Ich habe immer gesagt, dass bei allen Sparanstrengungen der Bereich der Kinder- und Jugendbildung und –erziehung geschont werden muss. In Neuss sind wir im Bereich der offenen Jugendarbeit gut aufgestellt, nicht zuletzt auch durch die große Stärke des ehrenamtlichen Engagements der Kirchen und der Wohlfahrtsverbände. Auch hier wird uns das Jugend- und Sozialmonitoring behilflich sein, frühzeitig entstehende Bedarfe zu erkennen, aber auch ein bestehendes Angebot kritisch zu hinterfragen. Im Moment erarbeiten wir ein gemeinsames Konzept für das Greyhound und das Haus der Jugend. Das eingesparte Geld möchte ich in zusätzliche Jugendarbeit in den Stadtteilen investieren. Ich freue mich, dass ich in den nächsten Tagen die Verträge zur Errichtung der Jugendeinrichtung Allerheiligen unterzeichnen kann und dann mit dem Bau in den nächsten Wochen endlich begonnen wird.

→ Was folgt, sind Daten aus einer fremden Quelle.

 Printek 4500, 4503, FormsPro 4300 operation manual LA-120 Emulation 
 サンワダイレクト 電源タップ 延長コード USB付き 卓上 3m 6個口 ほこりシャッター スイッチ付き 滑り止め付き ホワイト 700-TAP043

Wie beurteilen Sie das Zusammenspiel von Stadtrat und Verwaltung in der Sozialpolitik?

Ich empfinde die Zusammenarbeit als sehr konstruktiv, sachlich und harmonisch. Obwohl ich den Verbänden und der Sozial- und Jugendpolitik in den vergangenen Monaten aus Gründen der Haushaltssanierung viel zumuten musste, waren die daraus resultierenden Diskussionen zwischen Verwaltung und Rat, aber auch zwischen den Fraktionen von Fairness und wechselseitigem Respekt geprägt. Dies ist sicher auch das Resultat der großen Erfahrung von langjährigen Verantwortlichen im Sozial- und Jugendhilfeausschuss wie Anne Holt, Hannelore Staps und vor allem Thomas Nickel. Mit dieser Teamarbeit werden wir auch in den kommenden Jahren die Stadt Neuss als fortschrittliche soziale Großstadt erhalten können.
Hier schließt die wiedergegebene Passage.